2.4 SeerFabric Intelligent Lossless Data Center Solution Panorama
With the help of nearly 20 years of accumulation in the network field and the understanding of industry customers' business, the SeerFabric intelligent lossless data center solution is released. The whole solution is based on the cloud-edge AI collaborative architecture, which can build intelligent lossless control models for different business scenarios with the help of intelligent learning, realize intelligent identification of business scenarios, and then complete dynamic matching of corresponding model parameters, with high bandwidth, low latency, zero packet loss, accurate forwarding and deterministic network experience, it widely serves the digital transformation of important industries and fields such as the Internet, government, finance, production and entertainment, and high-performance computing.
(Figure 10:SeerFabric Intelligent Lossless Data Center Solution Architecture)
SeerFabric intelligent lossless solution covers computing, storage, network switching, management and control, performance presentation and optimization of end-to-end large bandwidth, delivery delay, accurate forwarding with zero packet loss and deterministic network experience. From the solution architecture, it can be divided into management and control analysis layer and ICT infrastructure (network, computing and storage) layer, the application scenarios are mainly divided into traditional computing scenarios, storage network scenarios and high-performance computing scenarios. To achieve the unified integration of the three scenarios, the management and control analysis layer is a crucial link, mainly the intelligent control engine SeerEngine and intelligent analyzer SeerAnalyzer to carry the implementation. SeerEngine realizing the construction of scenario-based business traffic model and model matching, realizing the dynamic control of intelligent lossless network, SeerAnalyzer realizing end-to-end fine data acquisition and lossless performance status visualization, and using AI-ECN algorithm according to performance status data to complete the dynamic intelligent tuning calculation of network equipment ECN waterline.
AI-ECN fully realize the combination of data, intelligent algorithms and professional knowledge, and intelligently empower SeerFabric intelligent lossless solutions.

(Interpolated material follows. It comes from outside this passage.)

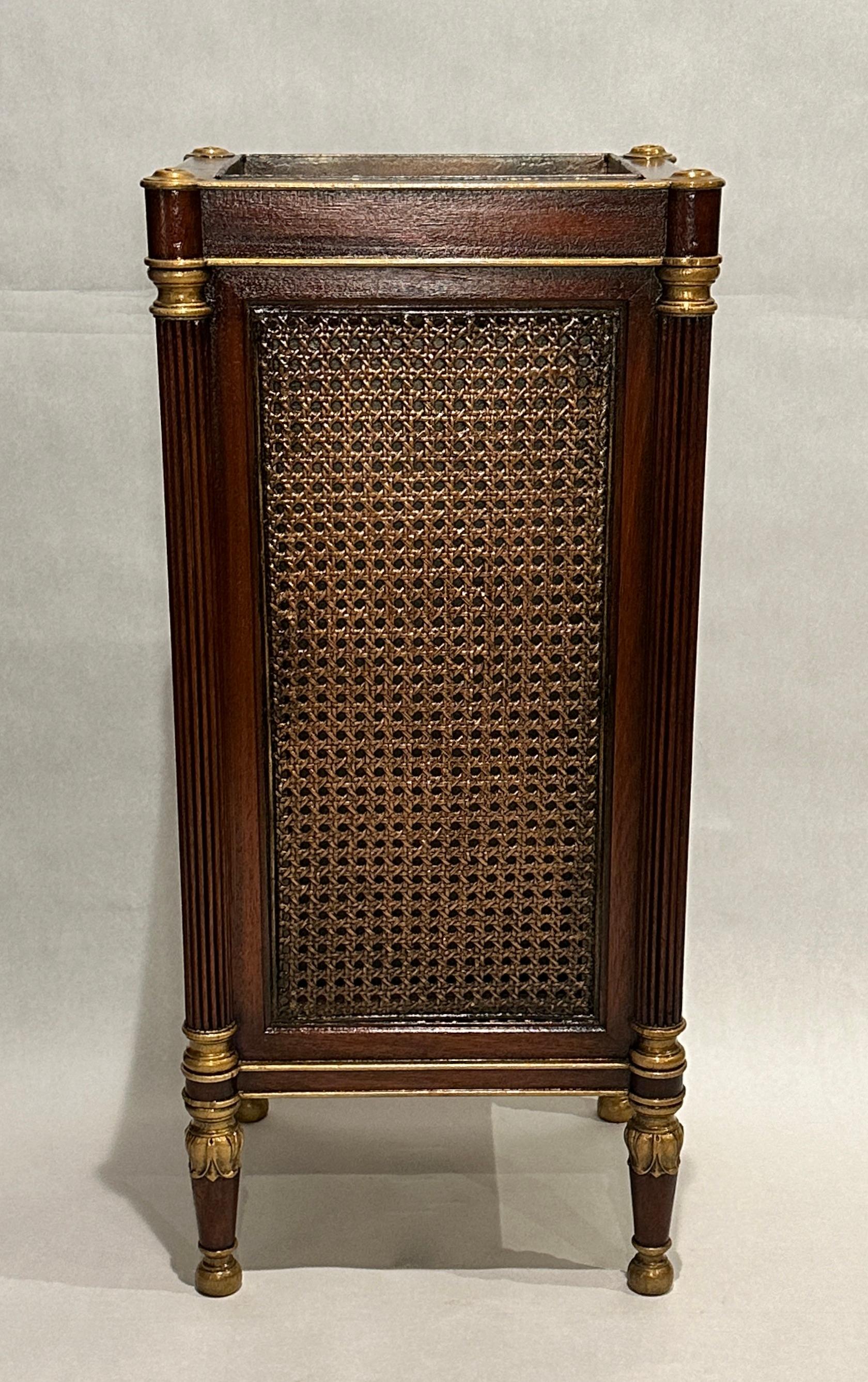 Carved and gilt mahogany umbrella/stick stand with cane panels. Fluted column corners with carved acanthus leaf tapered legs.
8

End-to-end fine-grained performance indicators are Telemetry in data collection, fully exploiting the fine performance data collection capabilities of intelligent network cards, storage and H3C network devices, enabling intelligent algorithms to perceive RoCE traffic components and sizes, dynamic changes of network device cache queues, etc. Data items include various performance statistical indicators of interfaces and queues, and RoCE streaming session statistics listened by network devices. At the same time, through the cooperation of Agent and intelligent network card deployed on the server, the dial-test capability of RoCE traffic is provided, and the network can be visually debugged and tuned before the service goes online. Supported RoCE smart network cards include Mellanox series network cards, Intel E810 network cards, etc.
In the algorithm, the real experimental environment collects performance KPIs under different traffic models, and forms a training data set after labeling through the real experience of the application, and generates an ECN waterline dynamic tuning model after modeling and offline training with expert knowledge. The AI-ECN tuning algorithm model has the characteristics of high efficiency and small amount of calculation, and supports two modes of centralized tuning of controller and distributed local tuning of network equipment. For example, in the centralized tuning mode, ECN waterline tuning can be started under large-scale network management without a special AI chip and using a control analysis cluster equipped with Intel XEON-SP servers. In local mode, network switches equipped with Intel XEON-D and ATOM can complete tuning with only a small CPU overhead.
3. SeerFabric solution value and highlights
Smart: AD-DC-based applications drive the data center
SeerFabric intelligent lossless data center solution SeerAnalyzer intelligent analyzer to support the implementation of network and connected storage and computing resources, based on AI learning and expert knowledge, network, computing, storage resources, to build a differentiated data center scenario intelligent lossless network analysis model. SeerAnalyzer intelligent analyzer to monitor RoCE basic data in real time, and collect information including ingress/egress packet loss count/total, ingress/egressPFC count/total, ingress/egress buffer usage, ECN, headroom buffer usage, Ingress/egress threshold overrun times, etc. At the same time, the analyzer will also collect RDMA real-time alarm reporting information, key information, such as ingress/egress packet loss alarm information, Headroom buffer overrun packet loss alarm information, egress buffer overrun alarm information, and configuration change information through Netconf operation, is SeerAnalyzer to collect the above network big data information, so as to train the network model based on business, gain insight into the network, and make multi-dimensional real-time evaluation, statistics, induction and visual presentation, further realize accurate root cause analysis, and realize anomaly prediction and trend analysis, and finally through the SeerEngine intelligent controller to achieve intelligent linkage and network optimization, closed-loop self-healing network, for the user business protection escort.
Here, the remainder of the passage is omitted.